Exercise goal: Restate word for word the lines below from the one that has "Immunohistochemistry analysis of" through the one that has "Hypertrichosis (Werewolf Syndrome) Hypertrichosis", keeping both and dropping all pictures.

Information shown:
______

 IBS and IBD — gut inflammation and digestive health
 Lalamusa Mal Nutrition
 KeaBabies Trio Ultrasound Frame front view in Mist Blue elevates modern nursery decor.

______

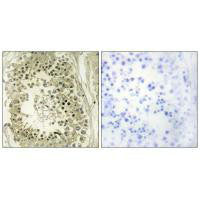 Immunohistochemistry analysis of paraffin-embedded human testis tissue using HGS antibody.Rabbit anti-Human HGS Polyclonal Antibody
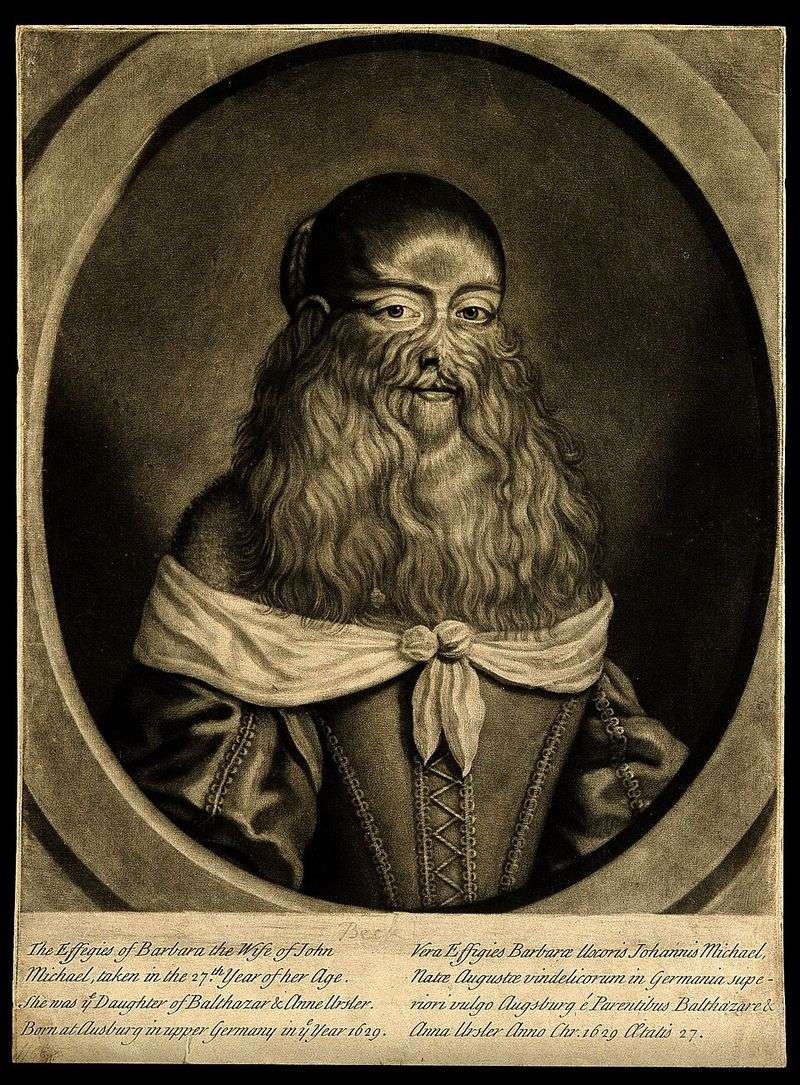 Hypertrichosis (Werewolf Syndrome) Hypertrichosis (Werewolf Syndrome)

______

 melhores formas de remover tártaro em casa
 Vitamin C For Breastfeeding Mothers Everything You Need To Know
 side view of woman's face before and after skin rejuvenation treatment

______

Response to the task:
 Immunohistochemistry analysis of paraffin-embedded human testis tissue using HGS antibody.Rabbit anti-Human HGS Polyclonal Antibody
 Hypertrichosis (Werewolf Syndrome) Hypertrichosis (Werewolf Syndrome)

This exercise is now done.